### What to work on
Give again, word for word, each line of the data from the first through the one containing "Ketamine is a". Pictures stay out.

----- Data in this exercise

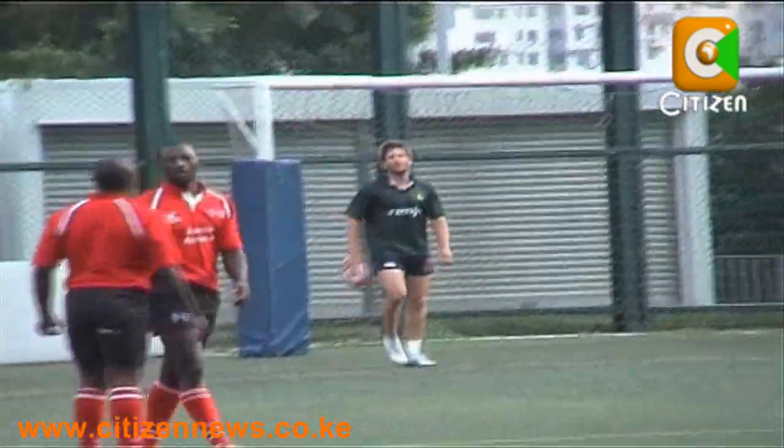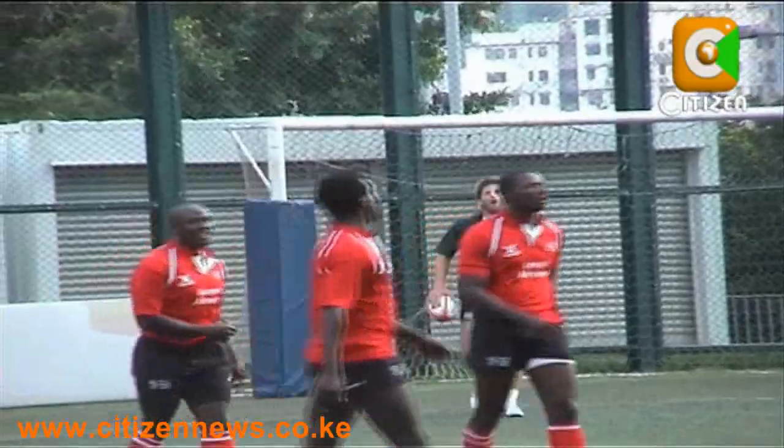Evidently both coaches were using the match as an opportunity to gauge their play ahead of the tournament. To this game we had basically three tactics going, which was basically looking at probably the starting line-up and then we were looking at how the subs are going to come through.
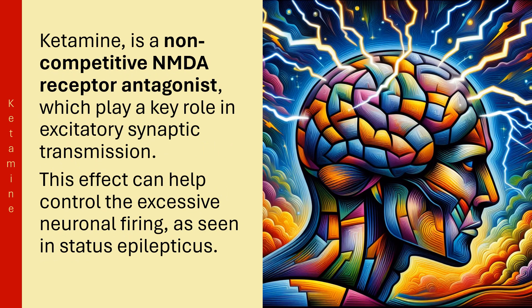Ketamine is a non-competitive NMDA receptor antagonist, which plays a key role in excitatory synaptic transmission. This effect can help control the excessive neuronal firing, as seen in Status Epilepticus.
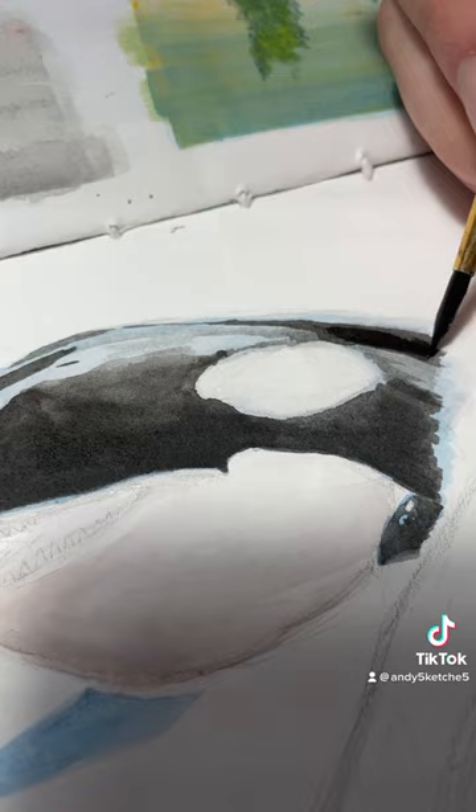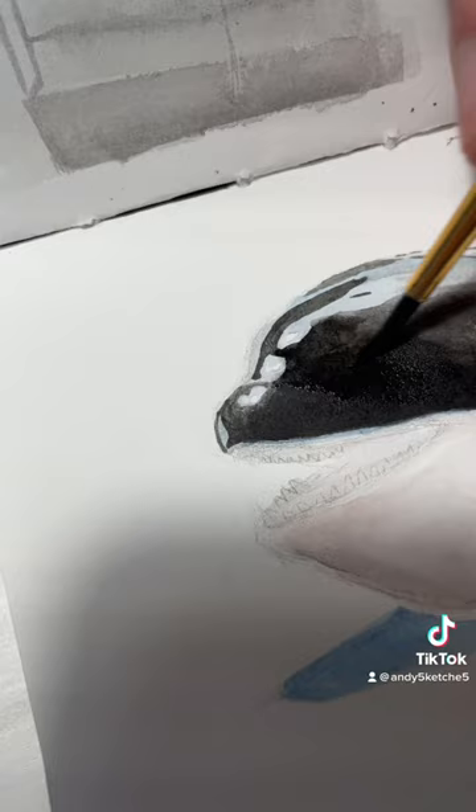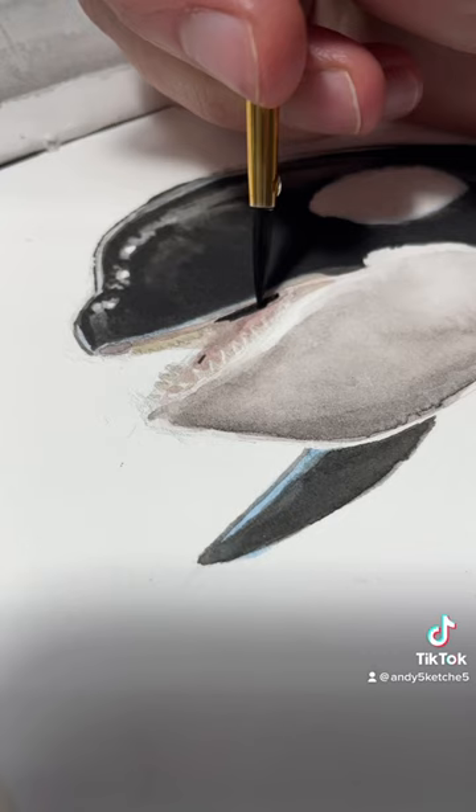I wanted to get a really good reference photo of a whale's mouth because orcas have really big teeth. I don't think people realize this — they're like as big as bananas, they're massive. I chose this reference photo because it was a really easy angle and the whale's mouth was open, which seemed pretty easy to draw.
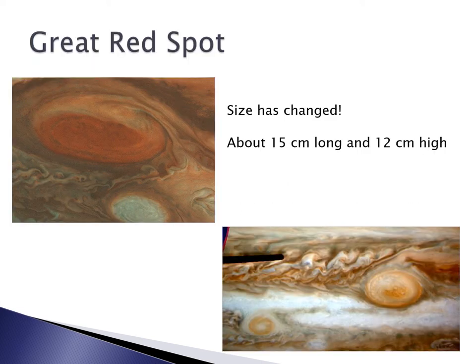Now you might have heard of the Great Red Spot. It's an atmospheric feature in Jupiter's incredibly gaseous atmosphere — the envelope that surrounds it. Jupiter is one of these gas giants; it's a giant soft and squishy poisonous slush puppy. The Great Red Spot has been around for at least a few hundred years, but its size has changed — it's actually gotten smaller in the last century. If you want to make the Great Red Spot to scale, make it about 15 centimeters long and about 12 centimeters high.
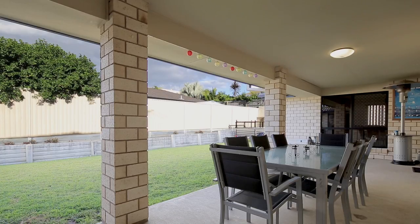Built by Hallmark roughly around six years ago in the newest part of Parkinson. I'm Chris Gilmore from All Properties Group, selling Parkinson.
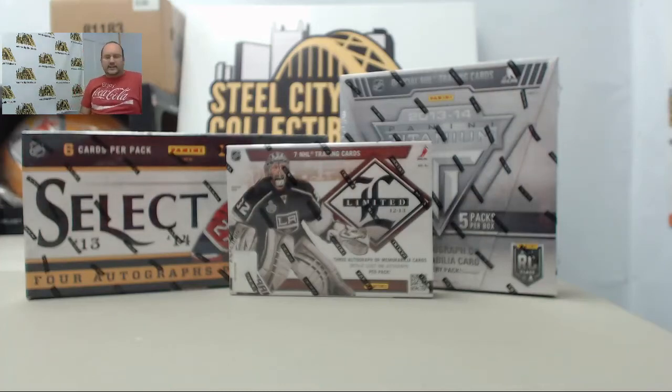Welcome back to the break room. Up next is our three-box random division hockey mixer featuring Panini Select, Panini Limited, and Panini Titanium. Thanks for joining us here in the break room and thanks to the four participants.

----------

### Written solution
Evidently both coaches were using the match as an opportunity to gauge their play ahead of the tournament. To this game we had basically three tactics going, which was basically looking at probably the starting line-up and then we were looking at how the subs are going to come through.
Ketamine is a non-competitive NMDA receptor antagonist, which plays a key role in excitatory synaptic transmission. This effect can help control the excessive neuronal firing, as seen in Status Epilepticus.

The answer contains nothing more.